Politico reported that McCone had been accused of withholding “incendiary” information from the Warren Commission during its investigation into the assassination. The undisclosed details involved plots to assassinate Castro, suggesting that the CIA was “in cahoots with the mafia.” Without this information, the Commission never explored the possibility that Oswald might have had accomplices in Cuba or elsewhere—individuals who could have sought retaliation against JFK for his attempt on Castro’s life. McCone’s cover-up was described as “benign,” with him and other top CIA officials aiming to steer the investigation toward Lee Harvey Oswald, whom they believed acted alone.
Following an order from President Donald Trump, more than 63,000 pages of records related to President Kennedy’s 1963 assassination were released Tuesday—many without the redactions that had long puzzled historians and fueled conspiracy theories. The U.S. National Archives and Records Administration posted roughly 2,200 files containing these documents on its website.
The records include typewritten reports and handwritten notes spanning decades. Among the details are claims from a top CIA agent that the deep state was responsible, assertions that Oswald was a “poor shot,” and indications that the Secret Service had been warned as early as August—three months before the assassination—that Kennedy was in danger.

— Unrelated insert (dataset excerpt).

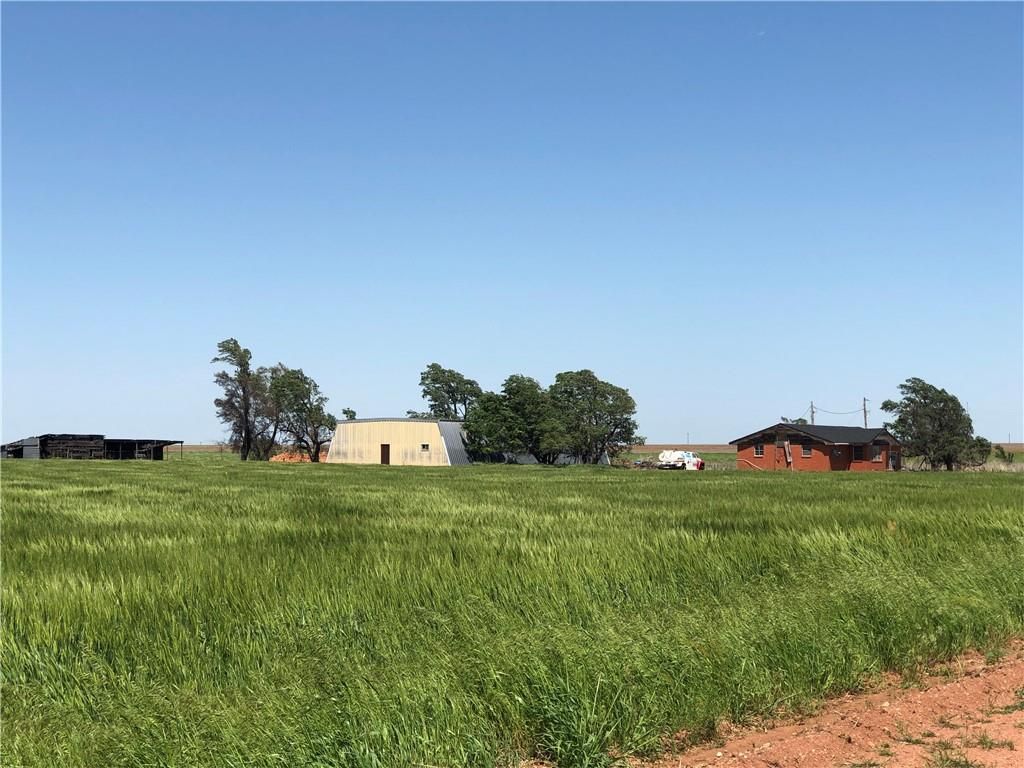 21529 E 1320th Rd, Hobart, OK 73651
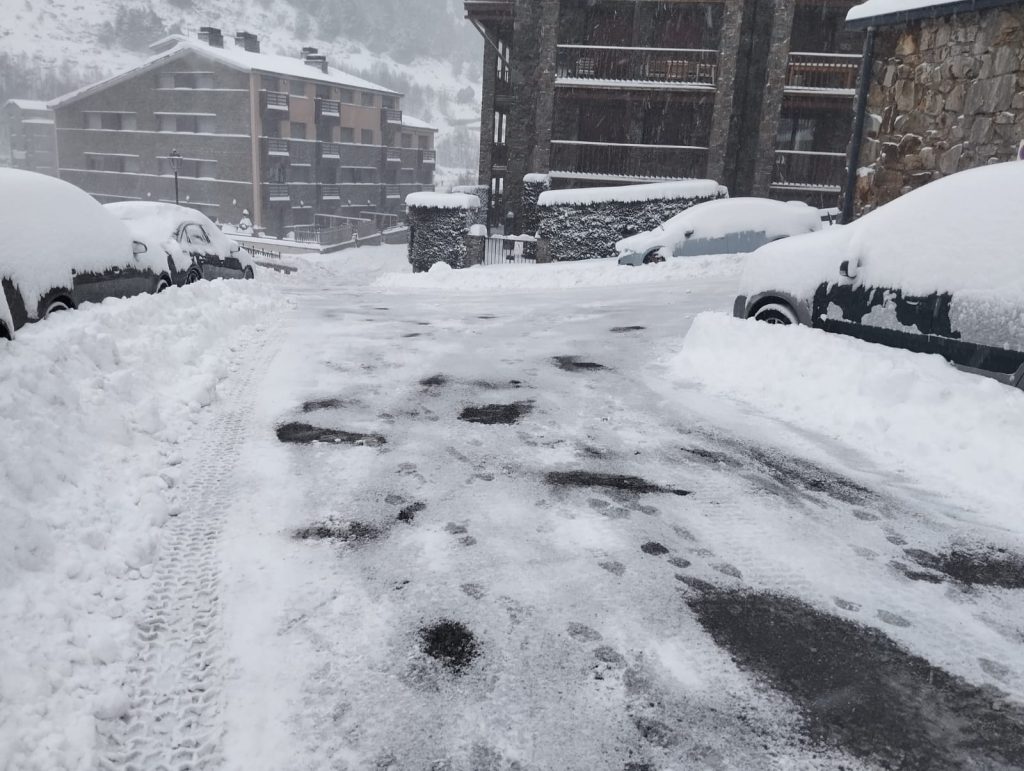 Algunes fotos de la treta de neu a andorra aquest inici del 2024. A PM SERVEIS som especialistes en treta de neu a tot Andorra. Fem contractes de manteniment anuals.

The release of the files caught Trump’s national security team off guard, as they spent 24 hours assessing potential security risks before publication. When the files were released at around 7 p.m., they sparked widespread criticism. Liberals dismissed the move as a mere repeat of a similar release by Joe Biden years ago, while MAGA supporters were upset that the documents still contained redactions and unanswered questions, leading experts to call them “impenetrable.”
Most of the National Archives’ extensive collection—over 6 million pages of records, photographs, films, sound recordings, and artifacts related to the assassination—had already been made public. Before Tuesday, researchers estimated that between 3,000 and 3,500 files remained unreleased, either entirely or partially. Additionally, just last month, the FBI announced it had uncovered approximately 2,400 new records related to the assassination.
Jefferson Morley, vice president of the Mary Ferrell Foundation—a repository for assassination files—stated on X that the release is “an encouraging start.” He added that much of the excessive classification of trivial information has been removed from the documents.